Monday, February 26, 2007

Observation post, obs #2

My second observation in our 488 classroom took place Feb 22 from 9:15am to 11:15am. When I arrived, students were in their seats looking for vocabulary words (beside which they had already written down the definitions) in the text they were currently working on (an excerpt from Island of the Blue Dolphins, published in their basal readers). After students were finished, they were able to retrieve the "perfect paragraphs" they had been working on from the teacher and continue to work with them. The teacher asked me to circulate the room and help students with their paragraphs. According to the assignment, their paragraphs would be perfect when they were both interesting and grammatically correct. The paragraphs I read were very diverse, but also extremely interesting from an assessment point of view in that each paragraph aptly reflected the personality and interests of the student (especially since the subjects were chosen by the student). For example, one of the students, Adam, wrote his paragraph on Dwayne Wade, an NBA star, and I know that Adam loves basketball (it's most of what he writes about). On the other hand, Ina, who I know to be a high-achieving student and something of a teacher's pet, wrote her paragraph on adverbs (which happened to also be the grammar study for the day). The paragraphs, as whole, were very good. I had to note a few spelling problems and some problems with grammar (which students generally recognized and fixed when I asked them to read over the sentence for me), but I would say that the largest problem I found was punctuation, specifically commas after dependent clauses. I thought this was an interesting point, and as a teacher, I might use this information to inform future grammar/writing lessons.
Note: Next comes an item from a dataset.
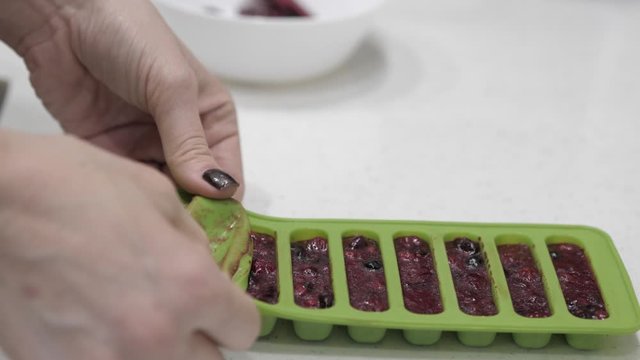 Female hands pull cubes from frozen berries from a green silicone mold and place them in a white cup.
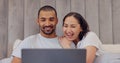 Laptop, happy and young couple in bed watching movie, film or show together at home. Smile, technology and man and woman Royalty Free Stock Photo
As a side note--or perhaps simply a bit of a tangent--this exercise reminds me of something that the teacher had told us about her approach to writing in the fall. She told us that for the first quarter, she allowed her students to write as they knew how--encouraging and focusing more on the act of writing than on the grammar and spelling involved. Then, she said, in the second quarter, she began to put more emphasis on the construction of the writing: its grammar and spelling, for example. During language arts since second quarter, some of the period (at least once a week) is devoted to particular grammatical features. Last semester, I remember them working on subjects and predicates during one lesson. This semester, during this lesson (post-paragraph writing), they went over, filled out and reviewed an adjectives and adverbs handout. I really like this approach to writing because I think it encourages students to write and get comfortable with simply writing before requiring multiple things of them in terms of construction. I think that if the requirements for perfect grammar, etc. were there from the start, students might never get comfortable with writing because they're too overwhelmed. Writing is important, and I think this really shows that emphasis.
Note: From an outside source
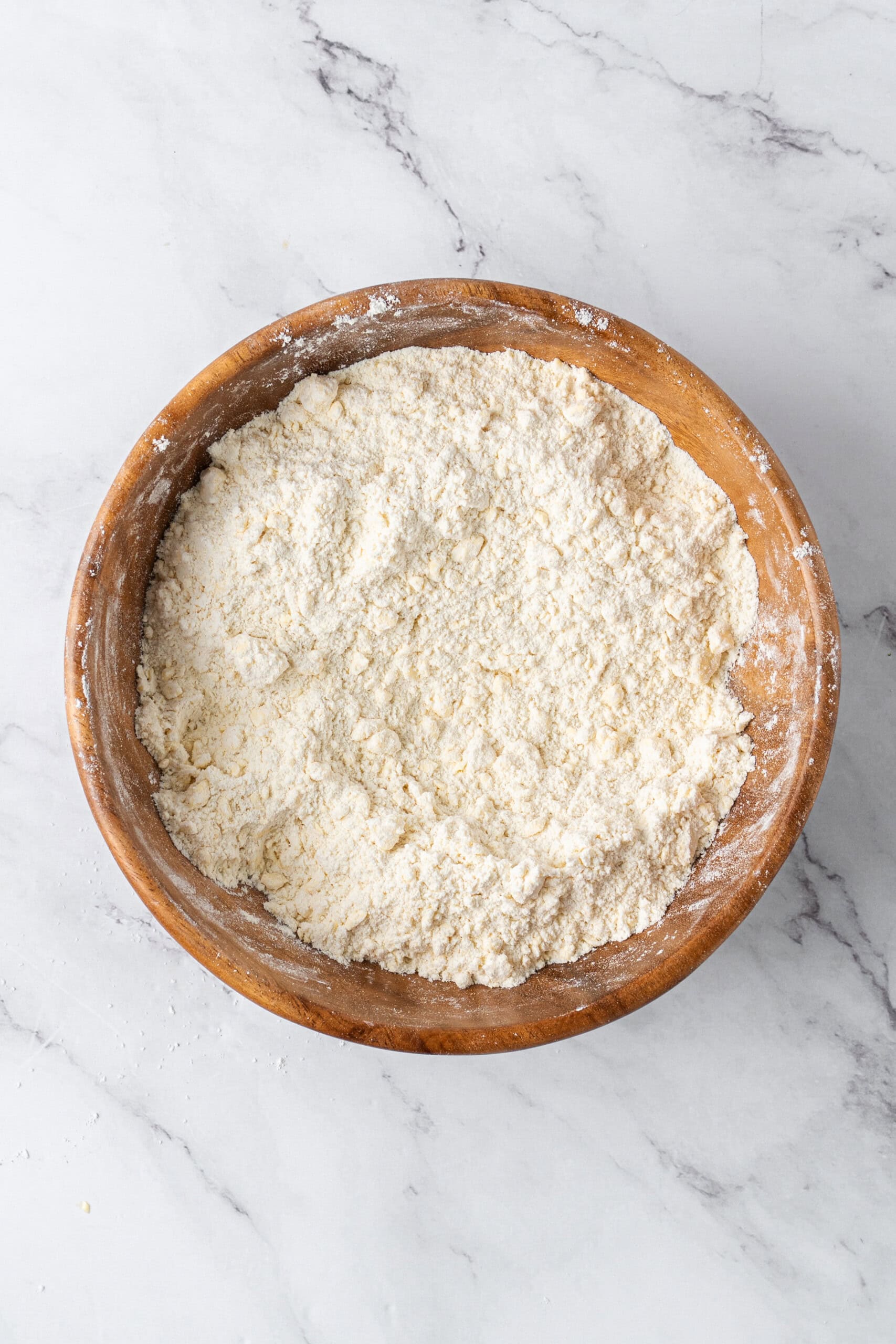 Flour and butter combined into a coarse, crumbly mixture in a wooden bowl.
As noted in the above paragraph, the teacher shifted gears after the perfect paragraph-editing to a handout on adjectives and adverbs. I worked especially with Adam, who at first was completely confused and frustrated. After modeling one for him, we worked on some together and I tried to take away some of my support with each one so that by the end he could do them on his own. Sure enough, he was circling those adverbs and underlining the adjectives like nobody's business by the last item, and the smile on his face was huge. It's amazing how giving a little support in the beginning makes such a difference, especially for students who may have low confidence in their academic abilities (as Adam sometimes does).
At 10:30, two parents came in to talk about quilting (in the place of a regular science lesson) and then handed out materials so that students could create their own quilt-like patterns on paper squares. These paper squares were then handed to me, and I stapled them up on the bulletin board, creating a "paper quilt" on the wall. The students really got into the activity, though in some ways I'm still trying to understand how the activity relates to what they're doing in class. Maybe it doesn't...and maybe that's okay.
At 11:15, students stayed in the classroom for lunch because they were having a going away party for one student who was moving to another state that weekend.